Supplied material —
● ● ● ●
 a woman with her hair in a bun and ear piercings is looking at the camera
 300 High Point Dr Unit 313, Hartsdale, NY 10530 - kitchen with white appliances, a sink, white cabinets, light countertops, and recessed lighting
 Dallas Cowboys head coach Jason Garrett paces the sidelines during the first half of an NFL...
● ● ● ●
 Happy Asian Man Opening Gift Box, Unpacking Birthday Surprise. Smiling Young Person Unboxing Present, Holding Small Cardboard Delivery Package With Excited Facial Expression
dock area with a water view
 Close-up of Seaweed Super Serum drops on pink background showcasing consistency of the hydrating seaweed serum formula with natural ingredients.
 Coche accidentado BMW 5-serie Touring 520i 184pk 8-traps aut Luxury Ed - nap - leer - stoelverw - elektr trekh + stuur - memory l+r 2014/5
● ● ● ●
Task statement —
Set down, exactly as they appear above, all lines from the one that has "300 High Point" down to the one that has "Dallas Cowboys head", including those two and no others.

Exercise response —
 300 High Point Dr Unit 313, Hartsdale, NY 10530 - kitchen with white appliances, a sink, white cabinets, light countertops, and recessed lighting
 Dallas Cowboys head coach Jason Garrett paces the sidelines during the first half of an NFL...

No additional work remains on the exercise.